Legacy, purpose, and the pressure to have it all figured out
“Purpose Anxiety” is real and I’m at peace with it.
Since my interview with Laura of Greatness Retreat a few weeks ago, I’ve been thinking about her comment on the word legacy.
She told me: “You know, [it’s a] big word. And I don't like to use it because it can scare a person—like oh, I have no idea what my legacy is. I can't go on this retreat.”
I have similar baggage thoughts about the word purpose.
Unless your life’s purpose is inherently obvious, in which case you are probably in the minority, the term can feel elusive and loaded with expectations. The Associated Press even wrote about this recently, referencing “purpose anxiety – the gnawing sense that one’s life should have an overarching purpose, but it’s unclear how to discover it.”
I’ve never felt driven by a single, defining purpose. And yet the concept has consistently shown up in my life - so much that I’ve created a Substack asking other people about it.
I always liked to write, and though I initially pursued a career in copywriting, it didn’t feel like the reason I was put on this earth. I shifted to PR, because I was good at connecting people and sought a more dynamic role. Landing in the beauty industry was fun but incidental; what excited me were the human stories behind each brand.
Through a former job, I had the opportunity to visit a Shaman, who told me that my lifetime mission was peace. I wasn’t sure if that meant helping others find peace or cultivating my own, but neither particularly resonated.
(A few hours earlier, the Shaman had told my boss her mission was to heal; she had created a healing skin care brand, so at least one reading was accurate.)
In my last role, purpose became a literal part of my job: I created campaigns for our brand’s mission of elevating the professional skin care industry. It was a great fit: I could spend more time telling the human stories that resonated with me while spotlighting others doing good work.
Our mission was driven by the founder, who was so passionate about purpose, she wrote a literal book about it. And, somewhat ironically, I’m featured in it, as someone living her purpose.
She suggested that what you loved to do between the ages of nine and twelve could be a window to your “why.” In my case, that was journaling and scrapbooking, which she linked to my communications role — writing, shaping stories, and building a library of resources for others.
Except - in our actual conversation months earlier - I mentioned these hobbies not in relation to my career, but explaining my love for Instagram. (I know, I’m such a weirdo. I still like Instagram!)
There was truth in both takes: I loved writing narratives that connected with people, and I was a very good record keeper. But the latter was more because I never wanted to forget a memory, whether it was the emotional rollercoaster of a middle school dance or the thrill of the hike I climbed last weekend.

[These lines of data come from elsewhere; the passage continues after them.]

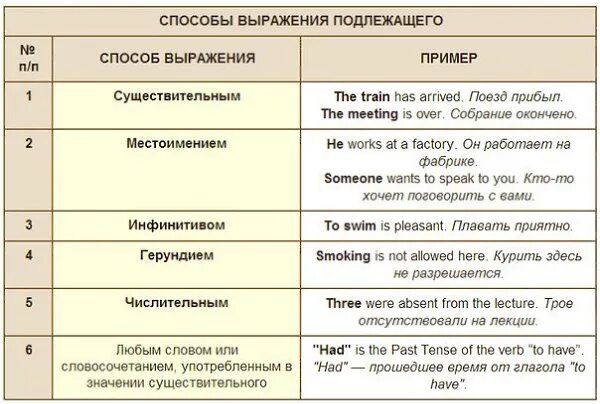Дополнить предложения глаголами my friend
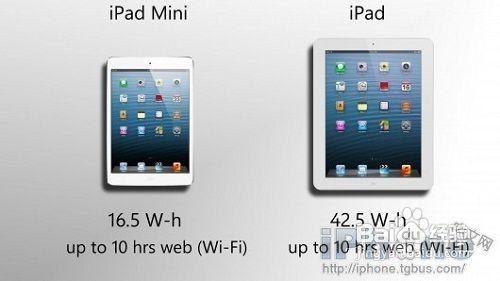 ipad4ipad mini ϸԱ˵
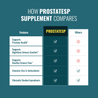 ProstateSP | Prostate Support Formula with Potent Ingredients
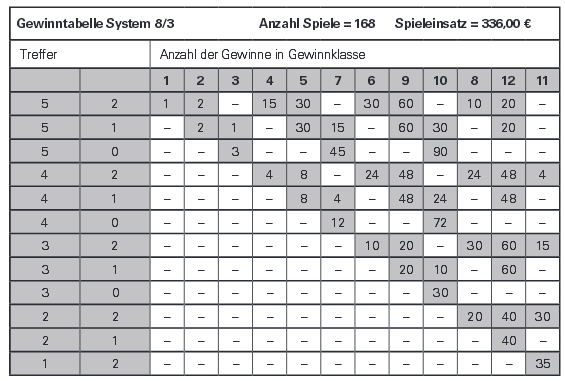 Bild2.gif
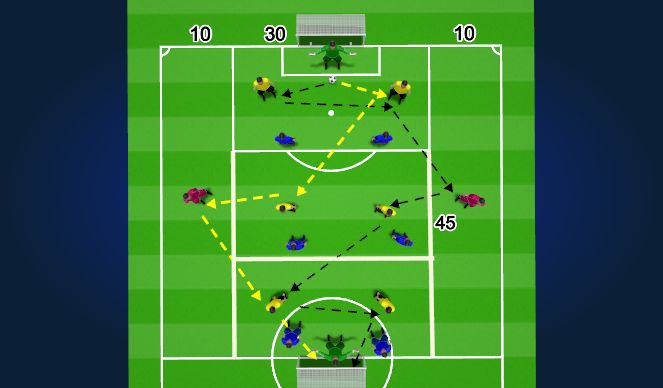 Football/Soccer Session Plan Drill (Colour): Game Animation - 20mins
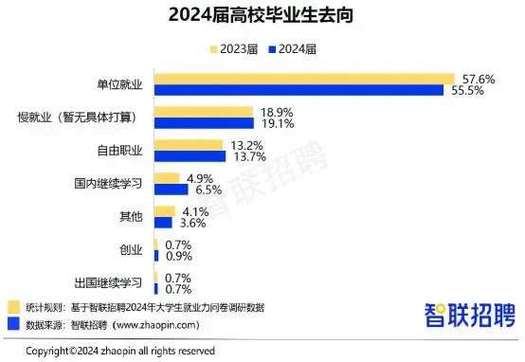 2024应届生校招劳动力市场岗位占比图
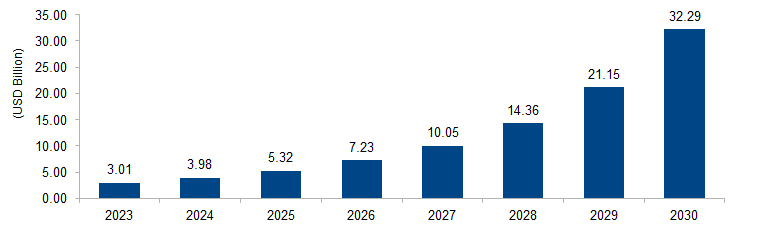 Precision Fermentation Ingredients Market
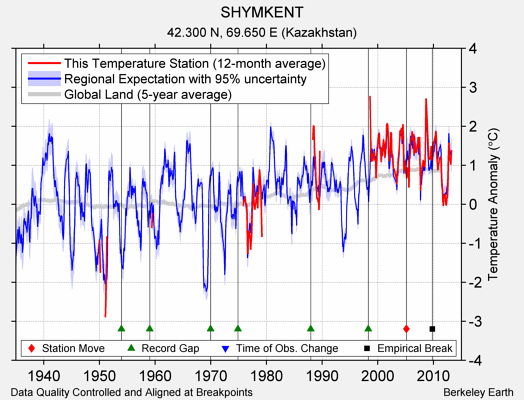 SHYMKENT comparison to regional expectation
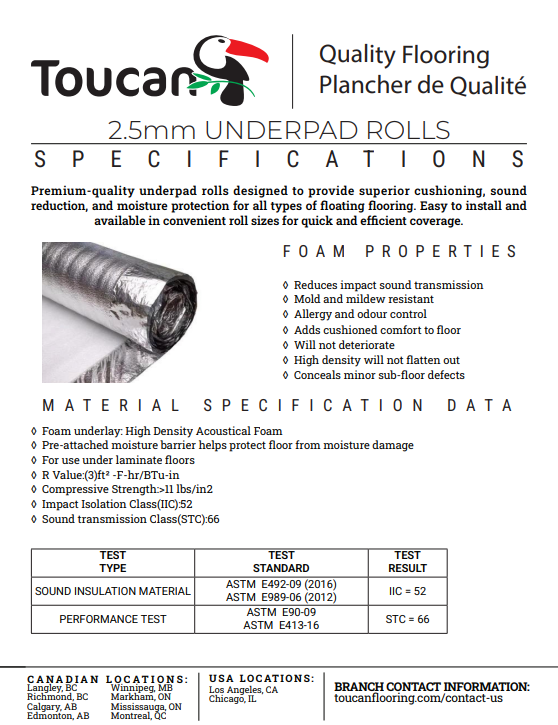 Triforest 2.5mm White Laminate Underpad
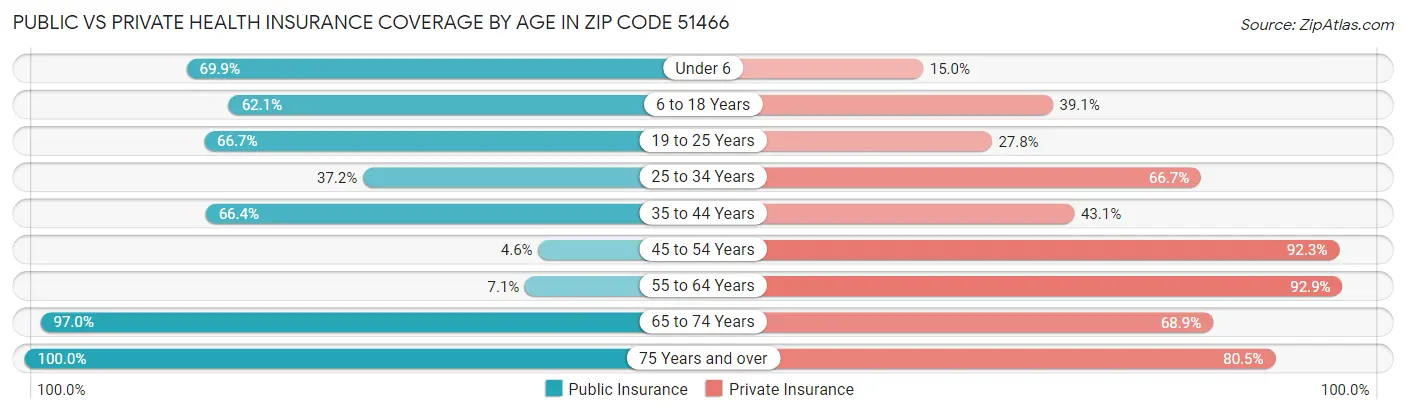 Public vs Private Health Insurance Coverage by Age in Zip Code 51466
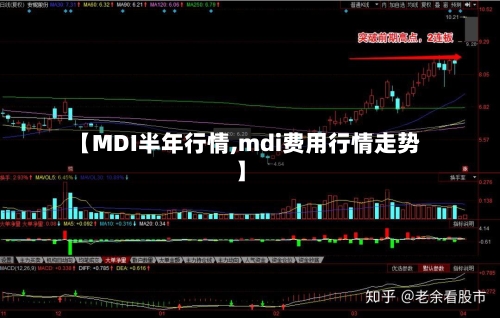 【MDI半年行情,mdi费用行情走势】-第3张图片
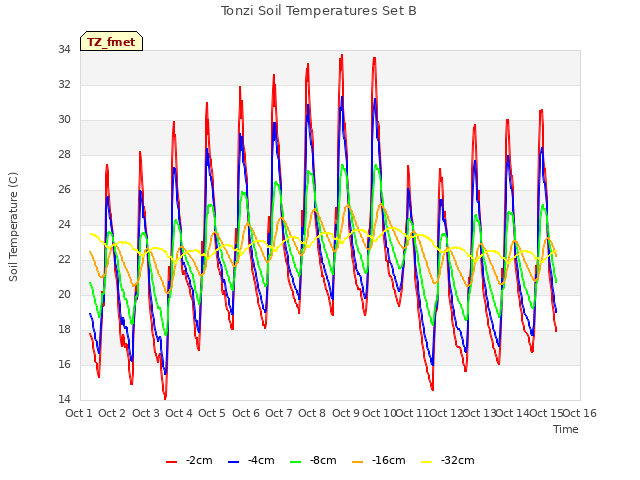 plot of Tonzi Soil Temperatures Set B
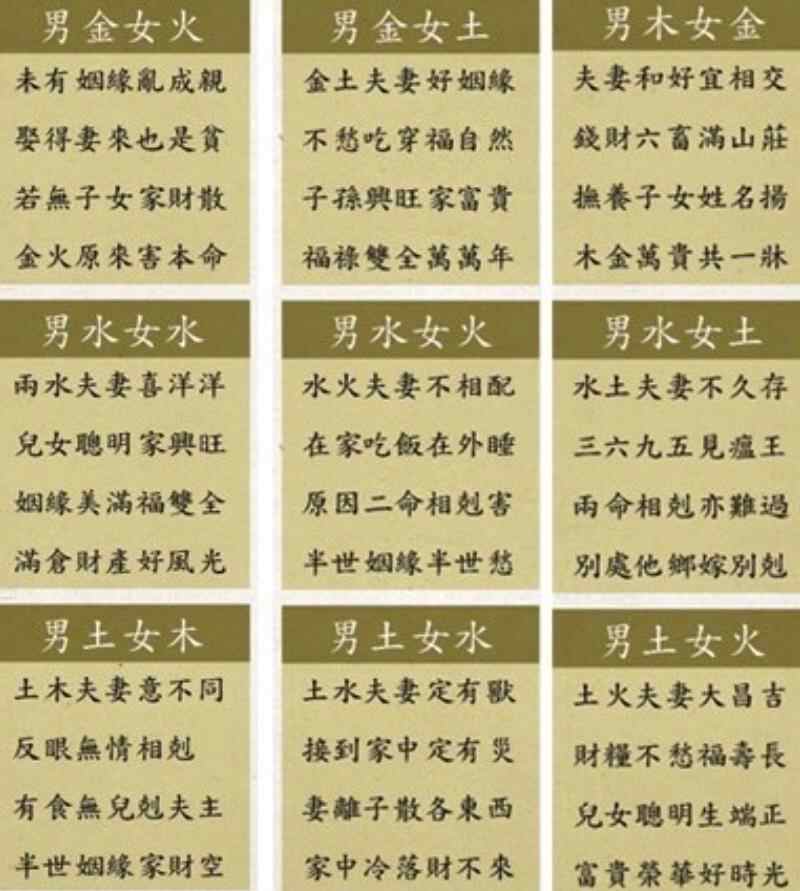 夫妻缘分算命表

Sadly, I haven’t found a way to monetize memory-keeping yet.
More recently, I did a meditation where I asked to be shown my purpose. Pretty quickly, the word inspire came up. I can assure you, there is plenty about my life that is not aspirational, and yet, it felt right.
For years, friends have said that my hiking and adventuring inspired them. And while I’m probably not going to win any prestigious writing awards, I have the skills to spotlight people who inspire me. You can see where this is going… not long after, The Reignition Project was born.
And look, I don’t know that my life’s calling is to inspire. That sounds very lofty and self-important. But, for now, it also feels like a great reason to get out of bed.
The “for now” is key. The idea of a single driving purpose may haunt me, but I think it’s just as likely that our purpose – if we have one at all – changes over time.
You’ll see that theme in my next two interviews coming up in the next few weeks: the idea that purpose isn’t fixed, but evolves with you. And that feels a little less anxiety-producing.
What about you?
Do you believe you have a purpose?
Has it guided your choices in life or career?
Has it shifted over time?


Reading this, I couldn’t help but think — maybe purpose isn’t about chasing the one big thing. Maybe it’s about stacking the small, daily resets that keep us grounded. For me, that looks like journaling, reflection, and noticing the moments I’d otherwise scroll past. That’s where purpose hides.
Such a thoughtful piece. Lots to to consider here. I think giving people's stories spotlight is such a beautiful thing to do. Stories give us all meaning and perspective. Thank you for this work, Lori.